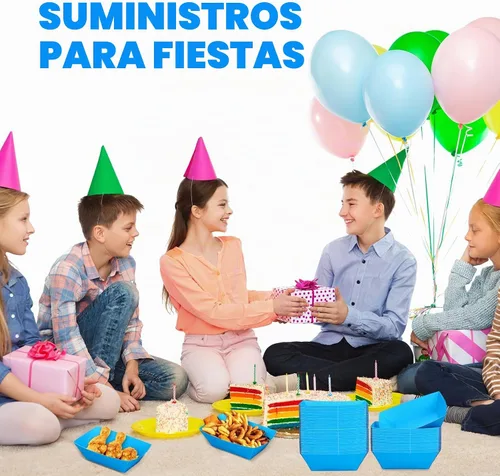 Vista 5 de Uiifan 200 bandejas de papel desechables para alimentos y barcos, resistentes a la grasa, bandeja de cartón para perros calientes, soporte para Azul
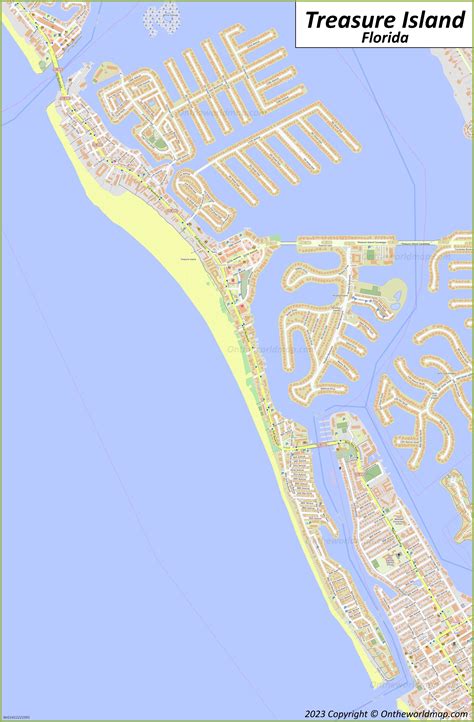 Treasure Island Map | Florida, U.S. | Detailed Maps of Treasure Island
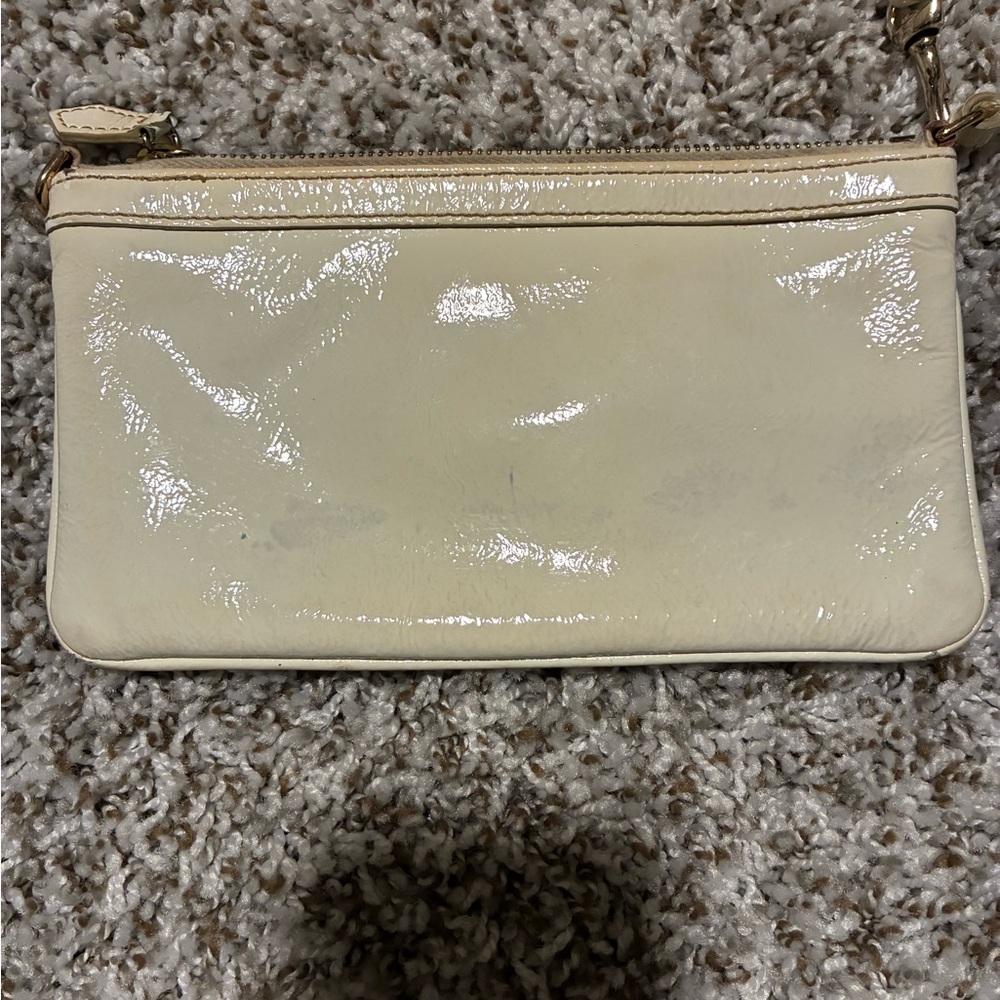 Dooney & Bourke Cream Leather Wristlet - Picture 2 of 4
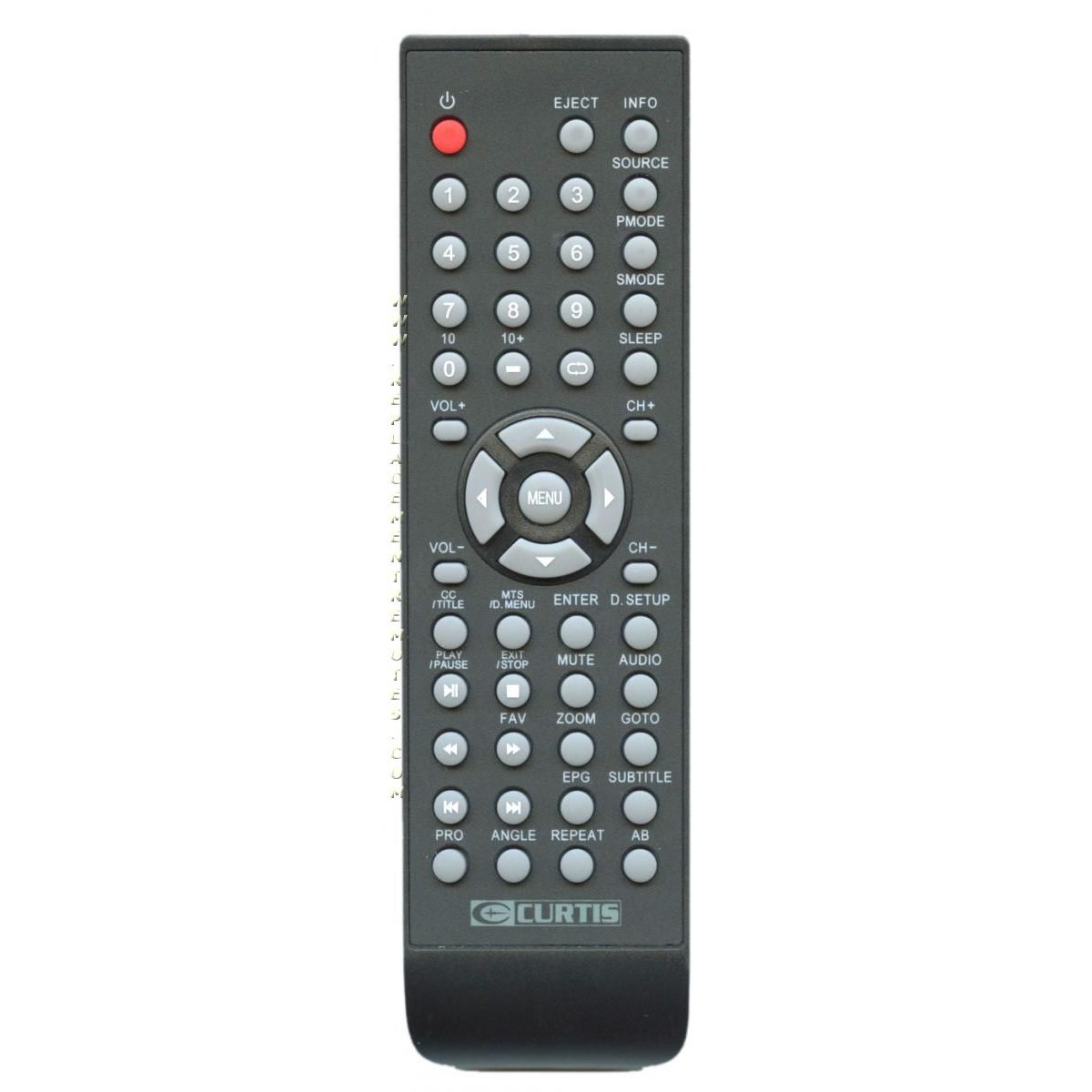 Curtis LEDVD2480B TV/DVD Remote Control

▶ Goal of the exercise
Word for word, retype the lines from the one that contains "Dooney & Bourke" through the final line of the data, both ends included, excluding pictures.

▶ Response area
 Dooney & Bourke Cream Leather Wristlet - Picture 2 of 4
 Curtis LEDVD2480B TV/DVD Remote Control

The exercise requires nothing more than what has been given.